Task statement: Count how many lines of the material contain the string "Micro", then give that number and nothing more.

Material to process:
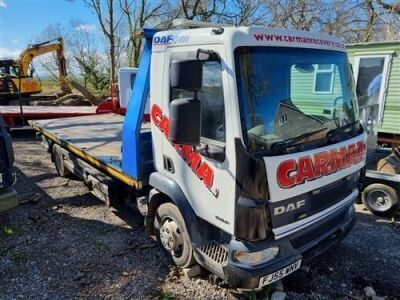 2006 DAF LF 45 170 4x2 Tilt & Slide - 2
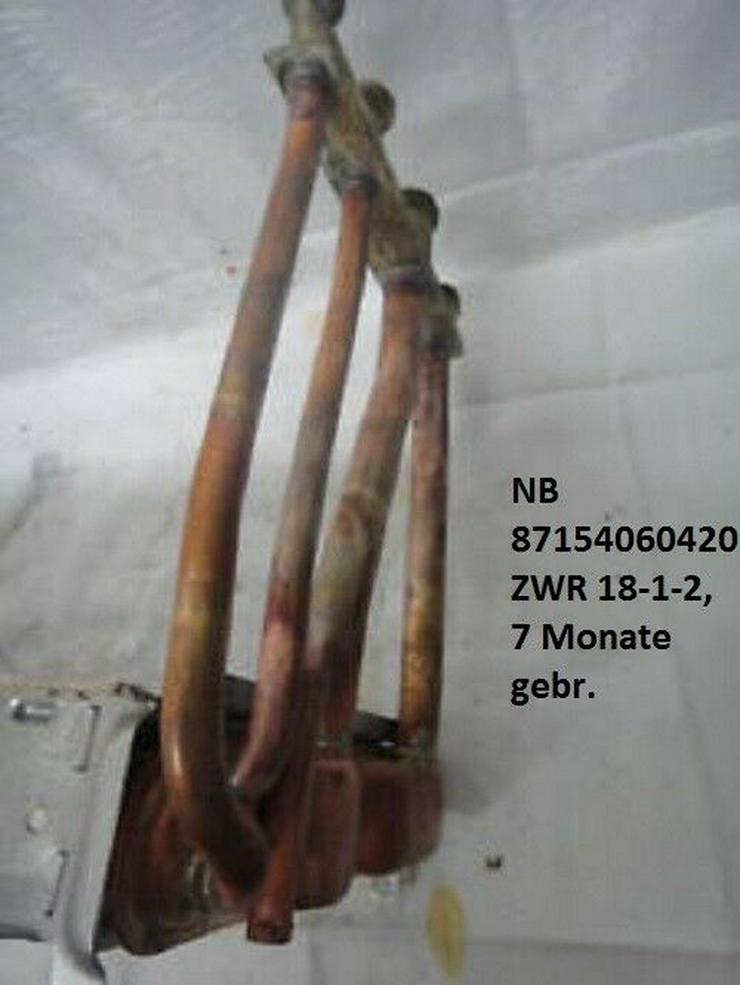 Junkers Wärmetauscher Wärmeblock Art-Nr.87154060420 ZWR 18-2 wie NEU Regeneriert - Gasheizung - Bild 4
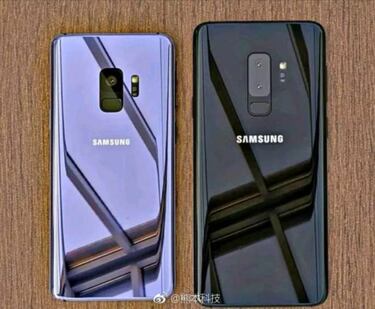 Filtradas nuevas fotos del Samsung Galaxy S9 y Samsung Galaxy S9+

---

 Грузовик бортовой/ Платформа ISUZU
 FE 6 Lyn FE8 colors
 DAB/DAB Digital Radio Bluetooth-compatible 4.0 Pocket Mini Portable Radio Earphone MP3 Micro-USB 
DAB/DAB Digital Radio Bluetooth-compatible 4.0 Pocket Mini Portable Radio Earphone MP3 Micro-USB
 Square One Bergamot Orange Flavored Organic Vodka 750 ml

---

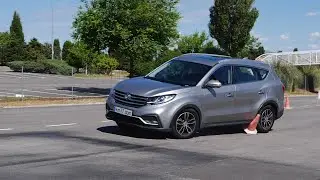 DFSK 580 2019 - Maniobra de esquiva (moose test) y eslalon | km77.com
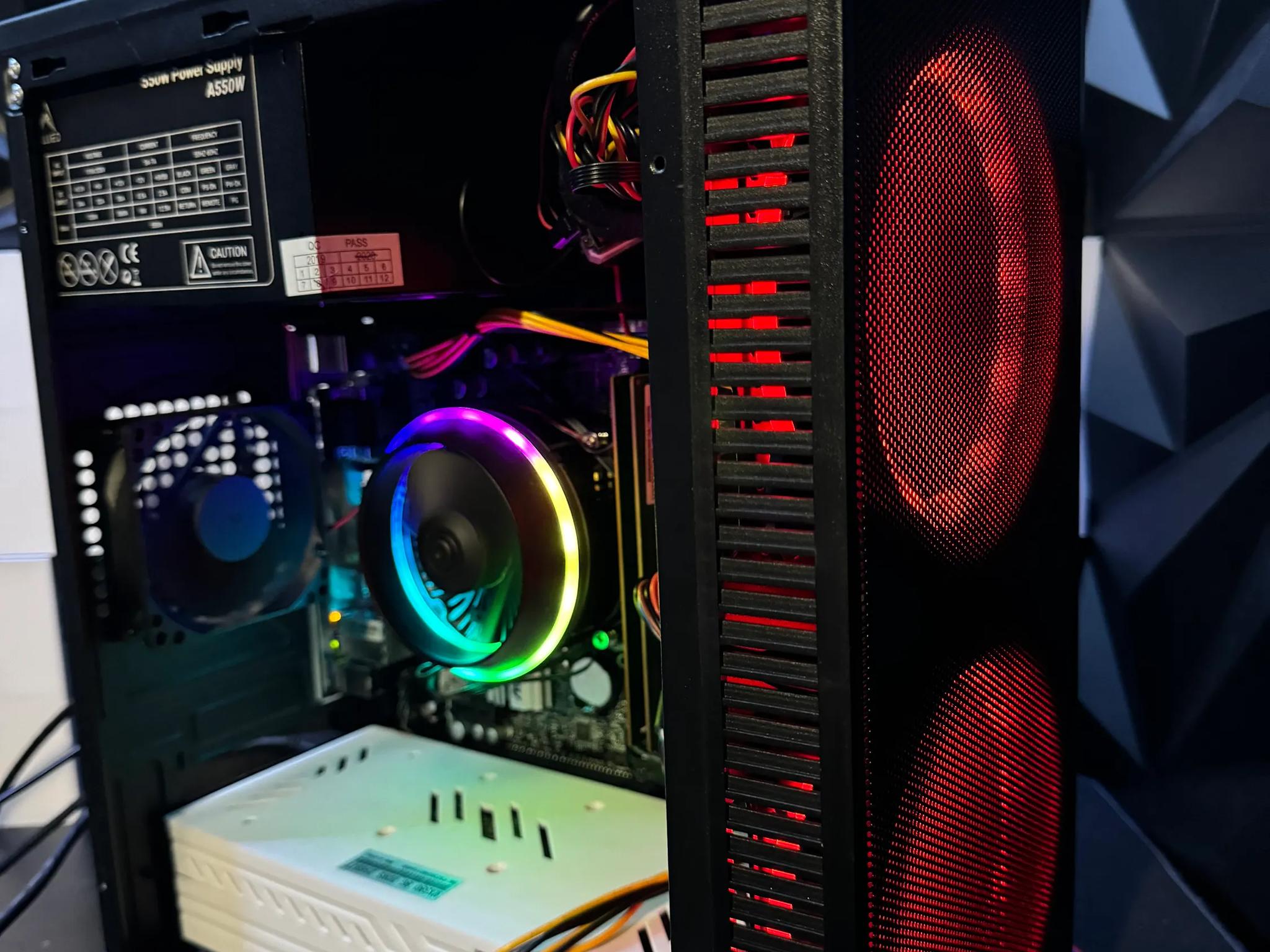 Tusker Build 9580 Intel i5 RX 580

Finished task: 2